In Africa south of the Sahara, only about a fifth of the population partakes of the formal financial system through banks or comparable institutions. Many more people have access to land, and land access remains in the center of most of their livelihoods. Recent economic and political changes have fueled uncertainties in land access all over the world.  In many cases, rights-based models to land titling or restitution have failed to consider the multiple entitlements to land access that typify those settings.  Land property has become increasingly central to forging new social identities and modes of belonging, as well as inspiring new kinds of competition and conflict.

shipton
Parker Shipton, a Professor of Anthropology and Research Fellow in African Studies, gives a talk at the April 14, 2016 workshop. Photo: Timothy Longman.
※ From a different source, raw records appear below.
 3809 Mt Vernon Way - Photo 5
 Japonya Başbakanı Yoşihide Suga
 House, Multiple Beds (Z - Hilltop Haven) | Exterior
“Credit tied to land, as it turns into debt, raises complex issues not just of contract over time but also of custom, including kinship, neighborhood, and habituation,” Shipton said. ”Researchers find that ambitious attempts to reform property systems and financial access together have seldom turned out as their designers or other intended participants expected. But comparing the stories has just begun.”

The goal of the workshop was to study these novel potentials and challenges that surround the topic of land mortgage, and to achieve a human-centered view of expanding rural financialization, according to Rodima-Taylor.  The presentations explored the topics of land mortgage from diverse angles,  including the relationships between land mortgage and land inheritance in Ghana, the issues of land taxation in Senegal, protecting the borrower in rural India, ideas of land loans and investments in Northern Uganda, the cultural construction of home as patrimony in Mexico and reinventing land mortgage in post-socialist Romania, Rodima-Taylor said.

Workshop participants highlighted the value of diverse interdisciplinary insights and geographical perspectives that the discussions provided.

Sara Berry, Professor of History at Johns Hopkins University, said the workshop provided researchers from different disciplines the unique opportunity to dialogue for an entire day.

“By bringing together scholars from a variety of disciplines and geohistorical perspectives in spirit of constructive discussion, the workshop was not only a learning occasion in itself, but an open encouragement to further inquiry and debate,” Berry said.

Anand Swamy, Professor of Economics at the Williams College, echoed Berry’s remarks and said the chance for economists and anthropologists to come together during the workshop was refreshing.

“Too much of policy discussion about economic development takes place within academic silos,” Swamy said. “In particular, there is not enough dialogue between economics, with its focus on economic growth, and fields like anthropology, which highlight the ways in which economic transactions are embedded in broader social structures.  This workshop was a welcome exception.”

Lotte Meinert, Professor of Anthropology at Aarhus University, said the workshop provided an opportunity for an extended discussion between scholars and researchers from different disciplines on land access and mortgaging.

“The diversity of the research and perspectives discussed in the workshop, but also its clear focus on the topic of land mortgage, were among its main assets,” Meinert said. “The event enabled a productive conversation between scholars from different disciplines, combining global and historical as well as local perspectives on land access and mortgaging.”

The initiative will continue building on the diversity of interdisciplinary and geographical perspectives and combine the ethnographic as well as broader theoretical insights discussed during the sessions. Several collaborative publications of varying formats are in the works, according to Rodima-Taylor.